As dawn breaks on a fateful Sunday in December 1941, Captain Torrey -- with his broken marriage to a Wall Street heiress and estranged son in the rear view mirror and all his belongings in his old sea chest -- is commanding a old cruiser off the coast of Oahu, his charismatic alcoholic best friend (Kirk Douglas) serving as his very capable but volatile executive officer. After the devastating Japanese attack, he's ordered to form a makeshift task group and seek out the enemy.

Beached after things go badly, separated from his exec who's nearly busted from the service after his reaction to the unsurprising yet highly cinematic end of his marriage, Torrey settles into some quiet staff work at a recovering Pearl Harbor only to find a variety of second chances, both personal and professional.

Wayne shows how an older action hero can be a dominant presence in a war epic without ever firing a shot or throwing a punch. Others, like Kirk Douglas, who recently celebrated his 99th birthday with son Michael Douglas and the rest of the Douglas clan, carry the bulk of the action.

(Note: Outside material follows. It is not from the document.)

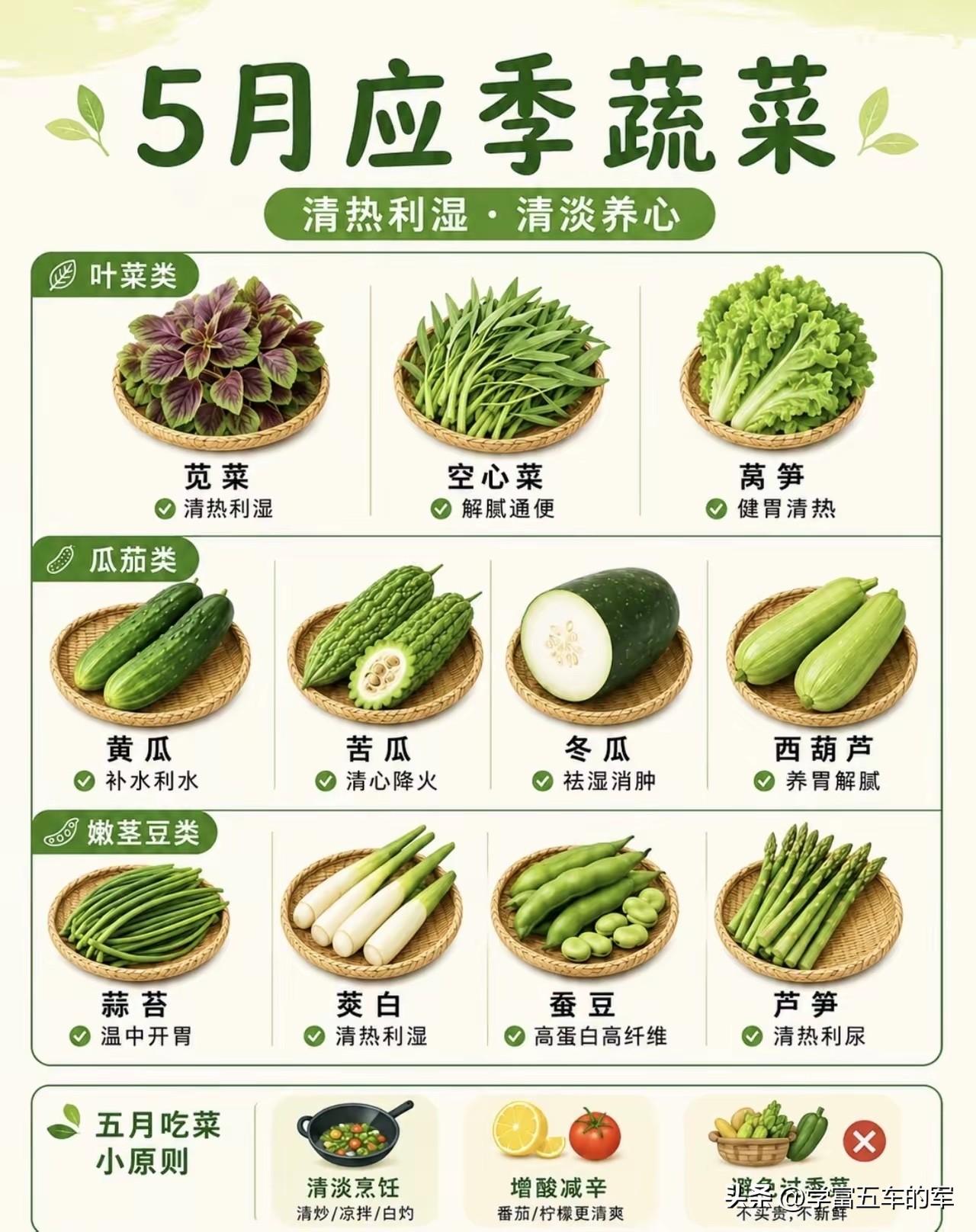 五月的应季蔬菜，一张图就明白😉五月蔬菜怎么吃？1.优先选露天自然生长菜，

Douglas shows here why he was a two-fisted action hero and a very fine dramatic actor.

Henry Fonda, like Douglas another staunch liberal, who in real life was also a decorated naval officer in the Pacific, makes a vivid impression with only a few scenes as the overall American naval commander in the Pacific, the unnamed Admiral Chester Nimitz. Burgess Meredith is another strong presence as Fonda's intelligence advisor, a reserve officer and ex-Hollywood screenwriter who befriends Wayne and ends up as his key aide.

Younger stars like Tom Tryon, Paula Prentiss, Brandon deWilde, and Jill Haworth also make strong impressions.

But Wayne is the rock of the production, with Patricia Neal and Kirk Douglas as very strong co-stars. Does Wayne's Rockwell Torrey prevail in the end, even though he has his doubts? Whatever happens, it comes at a very high cost, much higher than in most star vehicles.

It's an interesting picture by autocratic Austrian director Otto Preminger, whose reputation has faded next to John Ford's but who provides here a very entertaining and flavorful film that is also quite savvy and mostly unsentimental in looking at the Navy.

As Fonda's CINCPAC says to appreciative chuckles from fellow officers before announcing a certain promotion and command change: "Well, we all know the Navy's never wrong, but sometimes it's a little short on being right." The "little short on being right" is on ample display throughout the film, depicting a service shot through with bureaucracy, internal politics, apple-polishing and cover-your-ass thinking. Great things occur only by cutting through the normal BS. But only when order and discipline are observed as well.

It's an interesting and savvy take.

The film, while not great, is nonetheless smart and warm and entertaining as hell. It's even marked by some touches of pure artistry, such as an early stunning score by the young Jerry Goldsmith, who would be the perfect composer for the sometimes erratic musical stylings of the Marvel Cinematic Universe were he still with us, and awesome closing titles by legendary designer Saul Bass, which prefigure the nuclear closure to the hard-fought war depicted in the film.

While each film has been a bit lost to history, especially in our devotedly non-historically minded culture, history is bringing their relevance back round again as the nexus of events shifts toward the Pacific. History has a funny way of doing that.